Un jeune tzigane de quinze ans court autour d’un lac et raconte tout ce qui lui passe par la tête à son père parti depuis quinze jours. Il a choisi d’apprendre à lire et à écrire et habite avec sa mère dans un appartement de deux pièces. Depuis, le fossé s’est creusé avec ce père qui est toujours très ancré dans la tradition tzigane. Apprendre à lire, quelque part, c’est trahir les siens. Et vivre dans un appartement, c’est s’enchaîner soi-même… Le fils ne renie pas son peuple, bien au contraire. Cela fait quinze ans qu’il se tait car chez les tziganes on ne demande jamais rien et on ne dit jamais rien. Aujourd’hui, il a décidé d’expliquer ce qu’il ressent, de se souvenir des bons moments et des moins bons, d’expliquer à son père pourquoi il a choisi une autre façon de vivre.

« Personne ne lisait chez nous, personne ne s’intéressait aux livres ni aux mots couchés sur la papier. Une nouvelle langue s’est ouverte à moi, une découverte plus importante qu’un trésor. » p.9

Un texte court – moins de 70 pages en très gros caractères- sur les tziganes et la difficulté pour un enfant de choisir un autre mode de vie que celui de son peuple.

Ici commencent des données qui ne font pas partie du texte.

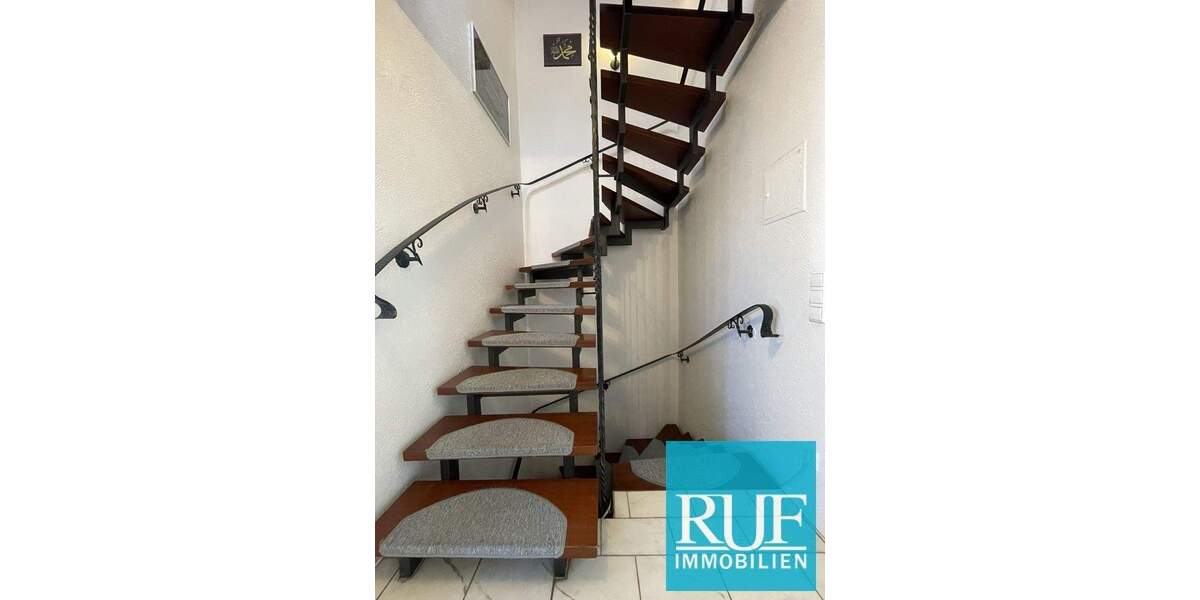 Reihenmittelhaus Pforzheim Eutingen - 4 Zimmer, 110 m&sup2;, 380.000&euro; | Angebot:24915956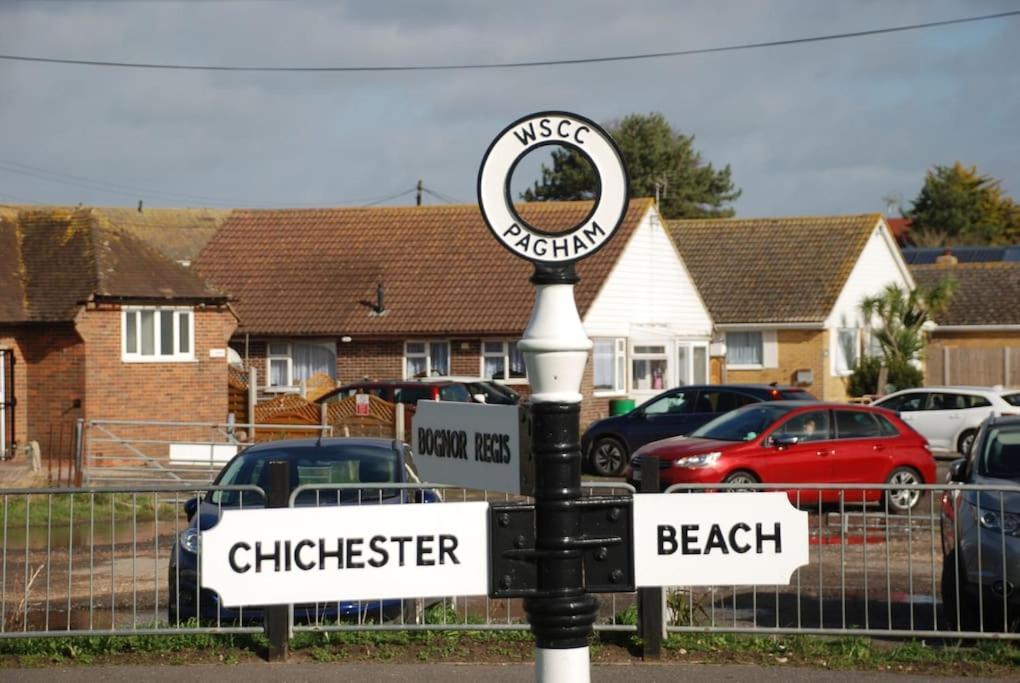 Wow I'M Living On The Beach. Luxury 4 Bed Sleeps 8 Pagham Buitenkant foto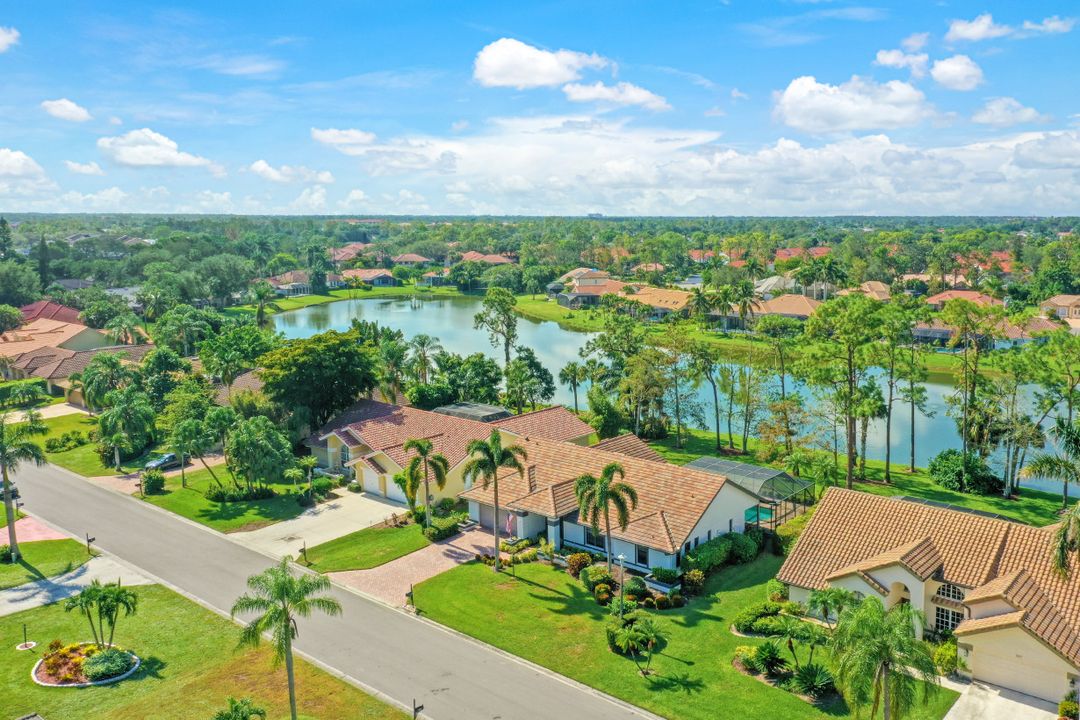 381 Henley Dr, Naples, FL 34104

Un joli texte sur l’amour d’un fils pour son père et sa mère. Une histoire pleine d’émotion publiée dans la collection D’une seule voix chez Actes Sud Junior : « Des textes d’un seul souffle. Les émotions secrètes trouvent leur respiration dans la parole. Des textes à murmurer à l’oreille d’un ami, à hurler devant son miroir, à partager avec soi et le monde.« 

KALOUAZ, Ahmed, Si j’avais des ailes, Actes Sud Junior, 2008.